Драматургия текста в случае с Кафкой поддерживается драматургией мифа о писателе. Невозможно стать большим автором без мифа о себе самом. Кафка с его кокетливостью, закрытостью, некоммуникабельностью и прочими чертами еще при жизни сконструировал собственный миф так, что он очень красиво раскрылся после его смерти. Когда читаешь дневники Кафки, то понимаешь, что они были написаны для публикации. Все, что он делает и как он жил, было для одного посмертного фейерверка. Сейчас мы его и наблюдаем.
Кафка — первый человек, который обнаружил медиаполе вокруг себя.

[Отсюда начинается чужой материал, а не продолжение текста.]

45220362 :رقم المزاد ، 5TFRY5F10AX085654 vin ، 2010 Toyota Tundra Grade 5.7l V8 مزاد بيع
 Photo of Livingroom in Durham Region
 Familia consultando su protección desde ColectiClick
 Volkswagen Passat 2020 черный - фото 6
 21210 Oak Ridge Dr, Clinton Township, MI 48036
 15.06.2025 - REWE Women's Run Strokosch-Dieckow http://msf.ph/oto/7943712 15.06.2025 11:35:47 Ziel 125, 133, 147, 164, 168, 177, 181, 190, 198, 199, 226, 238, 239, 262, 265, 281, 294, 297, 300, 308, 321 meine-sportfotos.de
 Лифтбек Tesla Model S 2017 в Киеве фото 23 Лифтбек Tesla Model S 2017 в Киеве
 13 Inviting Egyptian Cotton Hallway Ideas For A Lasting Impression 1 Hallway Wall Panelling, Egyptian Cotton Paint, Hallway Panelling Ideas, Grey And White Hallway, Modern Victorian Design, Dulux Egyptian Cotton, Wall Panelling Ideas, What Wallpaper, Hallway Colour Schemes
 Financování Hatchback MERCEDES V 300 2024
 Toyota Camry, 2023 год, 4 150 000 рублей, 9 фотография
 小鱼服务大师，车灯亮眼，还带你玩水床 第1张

Его тексты определенно написаны для будущей акустики. Мы живем в гораздо более кафкианском мире, чем сам Кафка. Мы живем в новой медиареальности, которой намного больше подходят загадочные и мистические фигуры вроде Кафки, чем конкретные и понятные, вроде звезд и президентов. Потому что конкретные и понятные выживают только в таблоиде: «Сегодня Ольга Бузова снова показала свою грудь. Что же она покажет завтра?». Но когда умрет Ольга Бузова, она не будет мифом. Мы не будем гадать: «Что же не сказала Ольга Бузова при жизни? Что откроется в ее дневниках?». В своем посмертном бытии Кафка гораздо более объемен, чем грудь Ольги Бузовой.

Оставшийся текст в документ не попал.